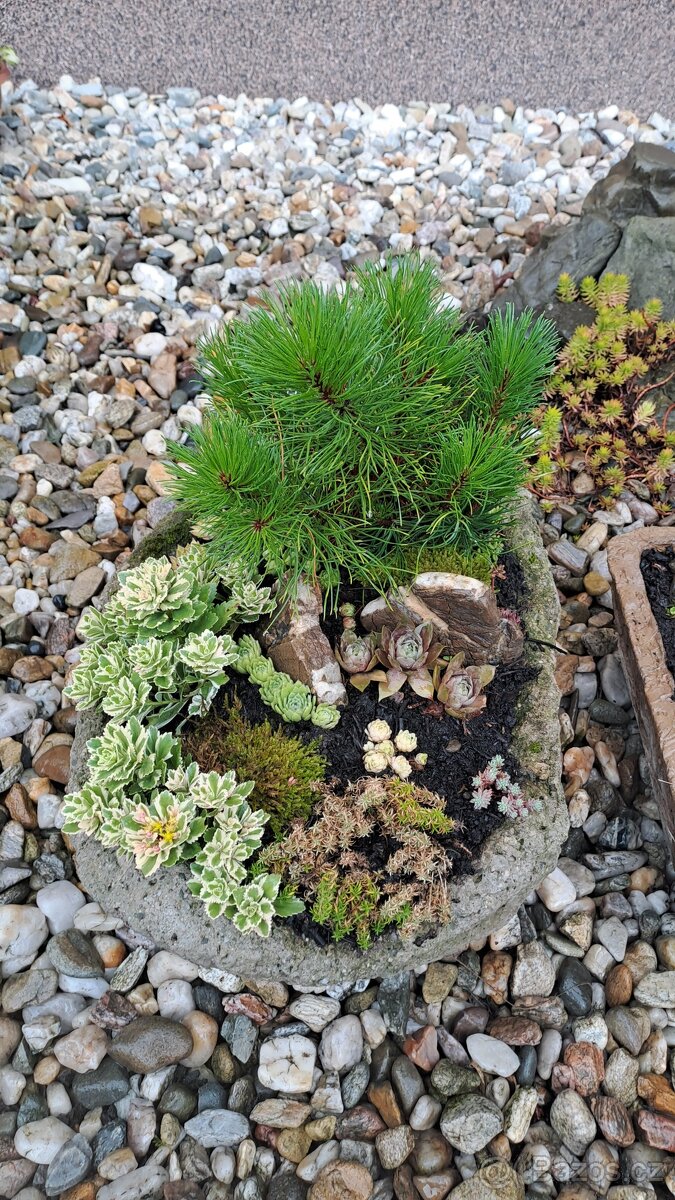 Betonové květináče,bonsai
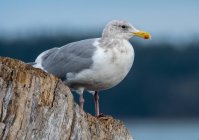 Retrato de uma gaivota, Sidney, British Columbia, Canadá — Fotografia de Stock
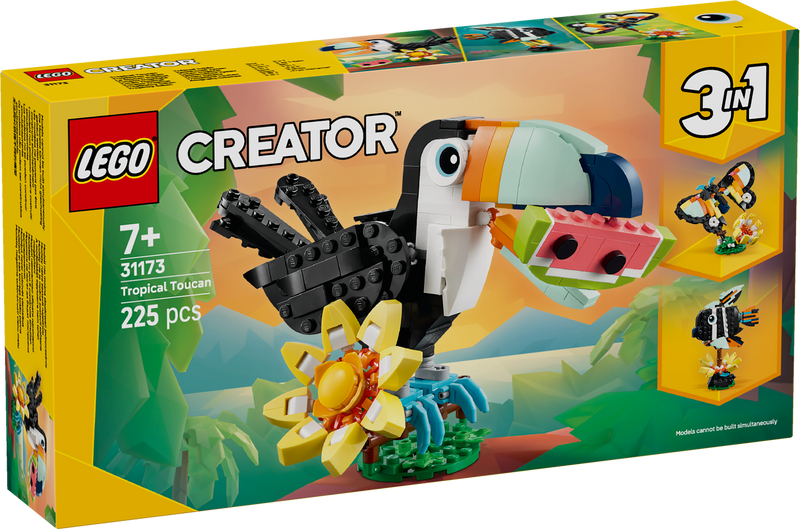 Wild Animals: Tropical Toucan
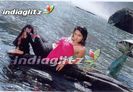 zaara31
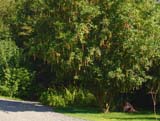 Laburnum alpinum -  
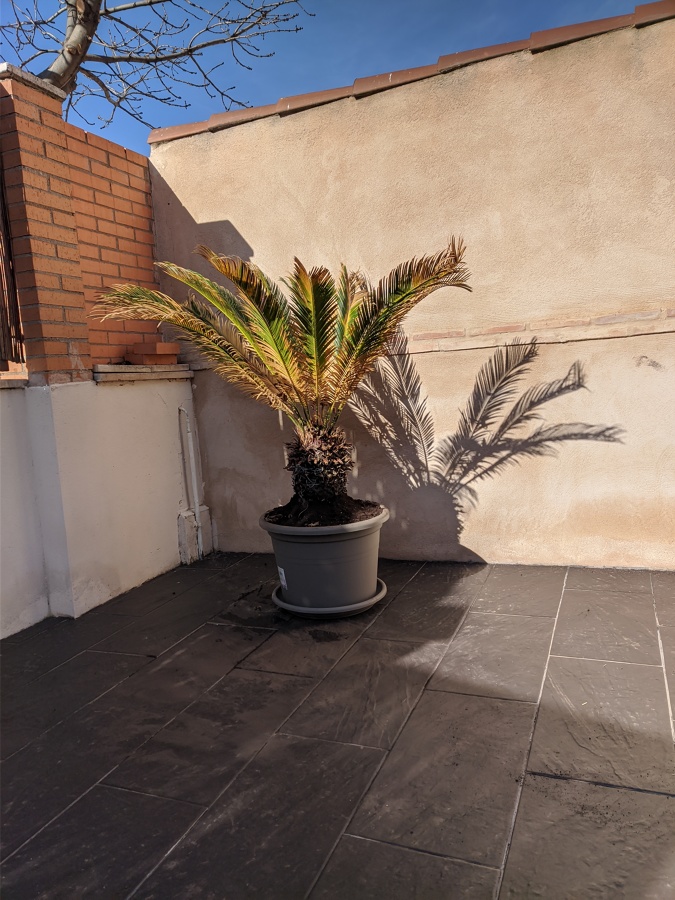 Palmera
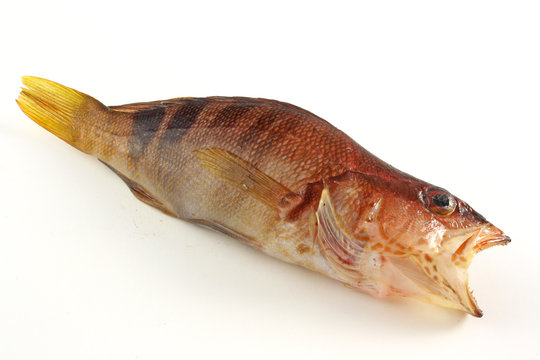 Sciarrano - Serranus Scriba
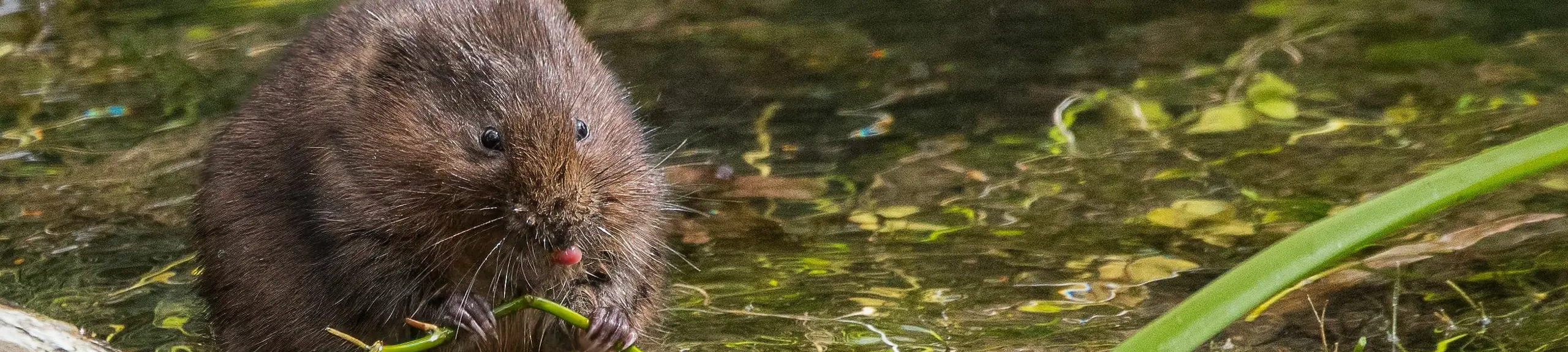 Water vole survey Water vole survey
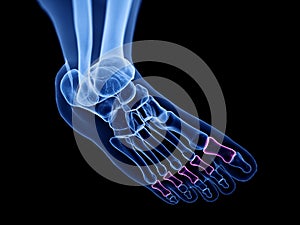 The proximal phalanx bones photo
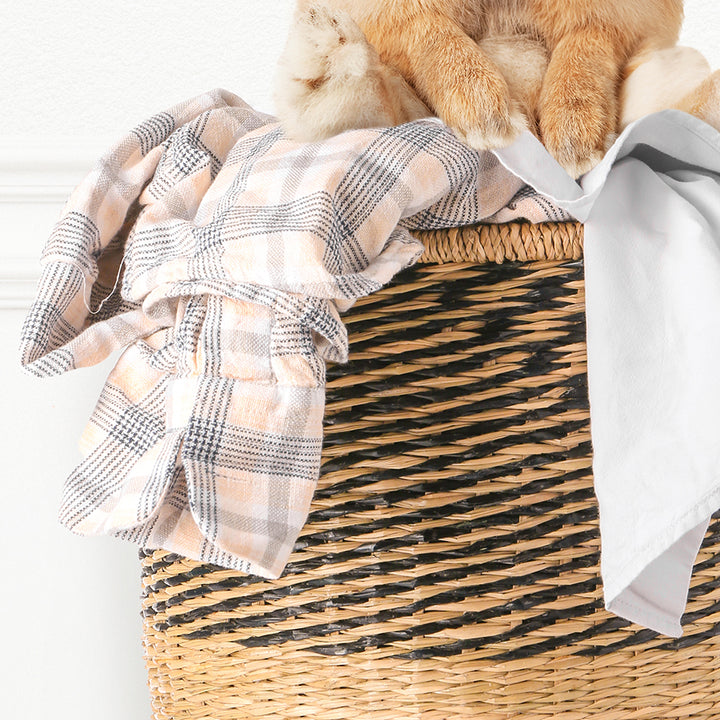 Pudgy Bunny in Laundry Basket - Simple White Wall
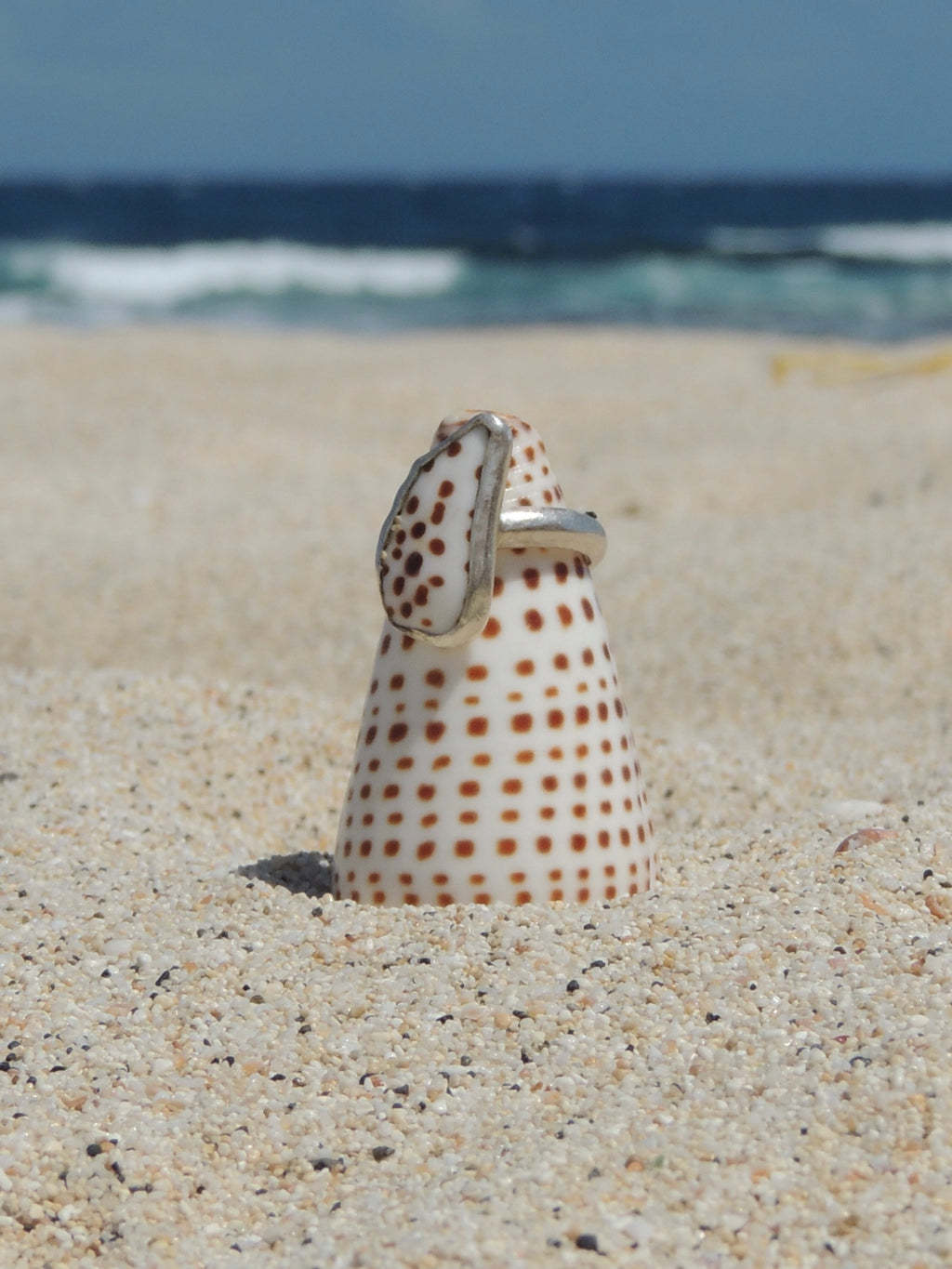 Flea Cone Shell Ring (4)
----
In your copy, please omit the pictures and print every line of the records exactly.

 Betonové květináče,bonsai
 Retrato de uma gaivota, Sidney, British Columbia, Canadá — Fotografia de Stock
 Wild Animals: Tropical Toucan
 zaara31
 Laburnum alpinum -  
 Palmera
 Sciarrano - Serranus Scriba
 Water vole survey Water vole survey
 The proximal phalanx bones photo
 Pudgy Bunny in Laundry Basket - Simple White Wall
 Flea Cone Shell Ring (4)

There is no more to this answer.